The paper outlines five requirements for a ‘high quality’ response:
As with current ranking algorithms, ‘authority’ appears to be derived from citation from high quality domains that are considered authoritative in themselves. The researchers observe:
‘Responses should generate content by pulling from highly authoritative sources. This is another reason why establishing more explicit connections between sequences of terms and document metadata is so crucial. If all of the documents in a corpus are annotated with an authoritative-ness score, that score should be taken into account when training the model, generating responses, or both.’
Though the researchers do not suggest that traditional SERPs results would become unavailable if an expert oracle of this type was found to be performant and popular, the entire paper does present the traditional ranking system, and search result lists, in the light of a ‘decades old’ and outmoded information retrieval system.

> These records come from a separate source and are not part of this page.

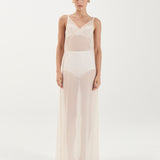 Georgette Dress - Ivory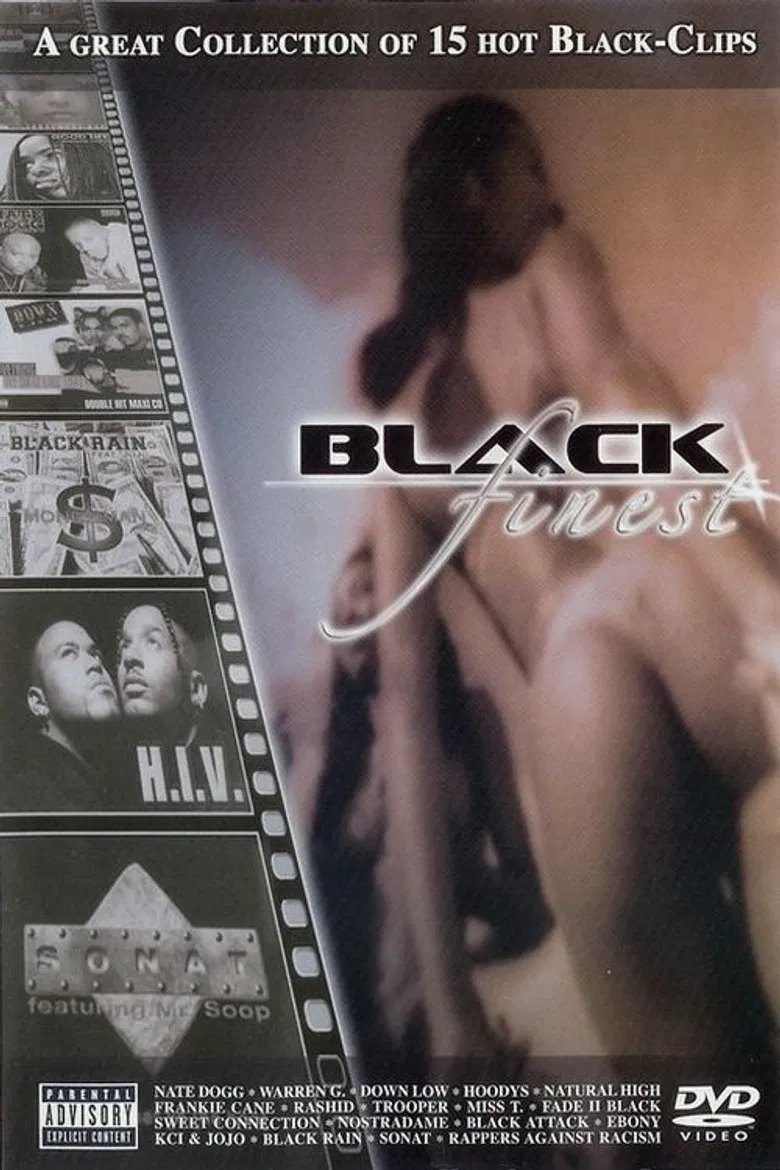 Black Finest: A Collection of 15 Hot Black-Clips poster background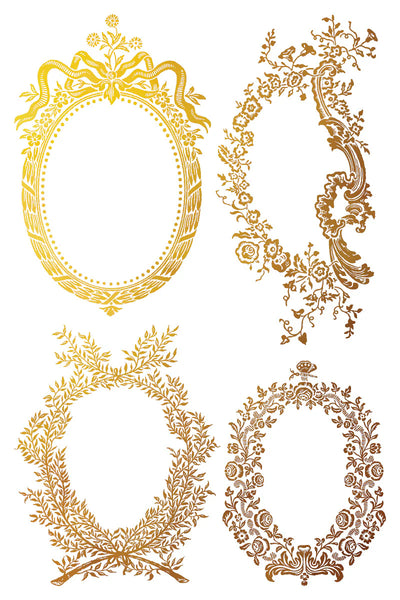 Petits Ornements IOD Foil Transfer- Iron Orchid Designs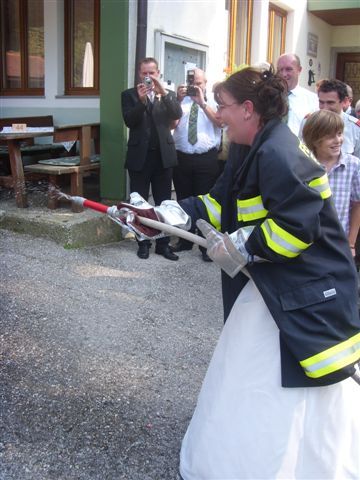 Hochzeit Streitner Chris , FF Einsatz - 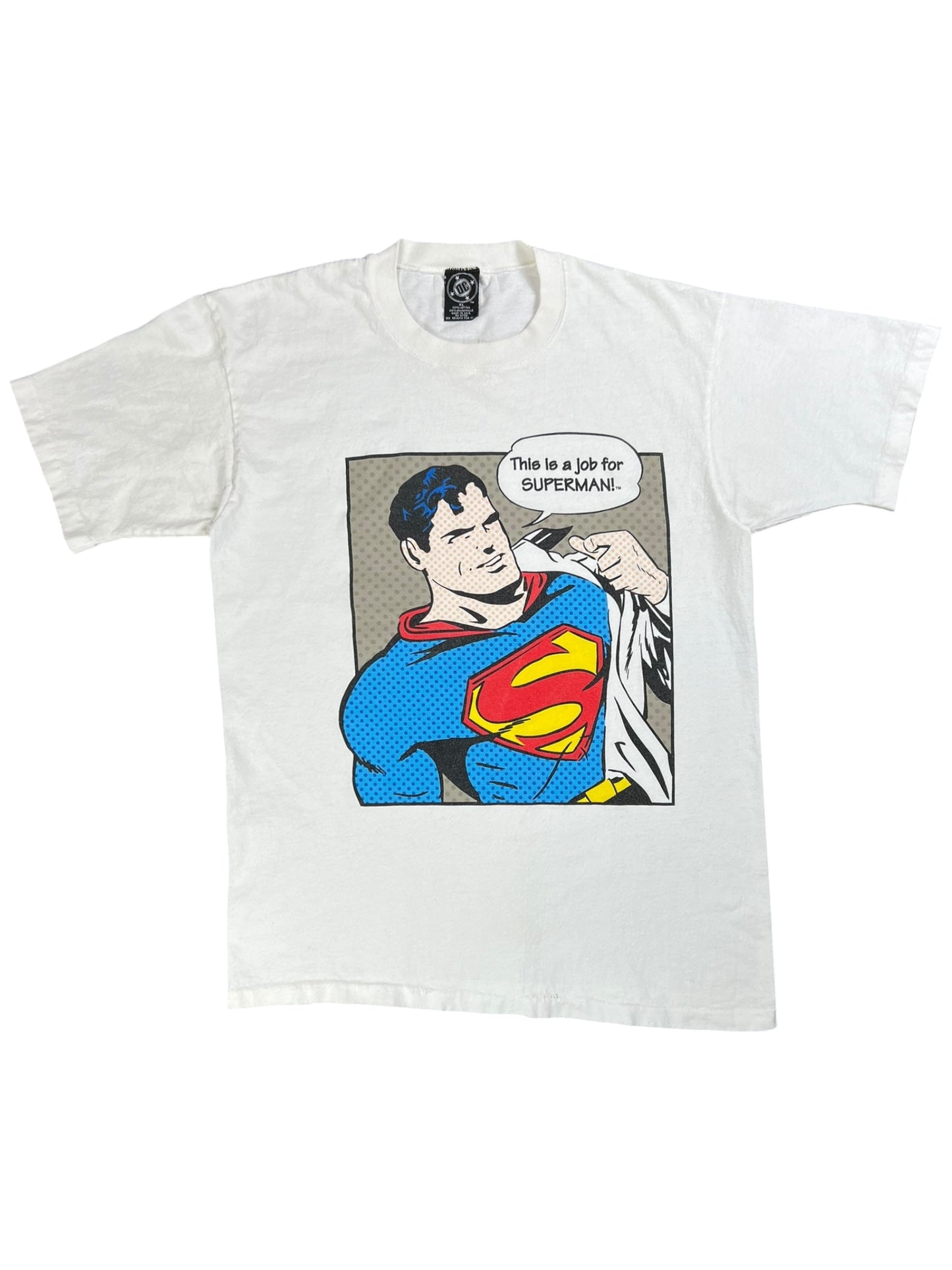Vintage 1996 DC Comics Superman comic strip tee (L)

‘The very fact that ranking is a critical component of this paradigm is a symptom of the retrieval system providing users a selection of potential answers, which induces a rather significant cognitive burden on the user. The desire to return answers instead of ranked lists of results was one of the motivating factors for developing question answering systems. ‘
The researchers comment:
‘Whenever possible, the provenance of the information being presented to the user should be made available to them. Is this the primary source of information? If not, what is the primary source?’
3: Handling Bias
The paper notes that pre-trained language models are designed not to evaluate empirical truth, but to generalize and prioritize dominant trends in the data. It concedes that this directive opens up the model to attack (as occurred with Microsoft’s unintentionally racist chatbot in 2016), and that ancillary systems will be needed to safeguard against such biased system responses.
4: Enabling Diverse Viewpoints
The paper also proposes mechanisms to ensure a plurality of points of view:
‘Generated responses should represent a range of diverse perspectives but should not be polarizing. For example, for queries about controversial topics, both sides of the topic should be covered in a fair and balanced way. This obviously has close tie-ins with model bias.’
5: Accessible Language
Besides providing accurate translations in cases where the deemed authoritative response is in a different language, the paper suggests that encapsulated responses should be ‘written in as-plain-as-possible terms’.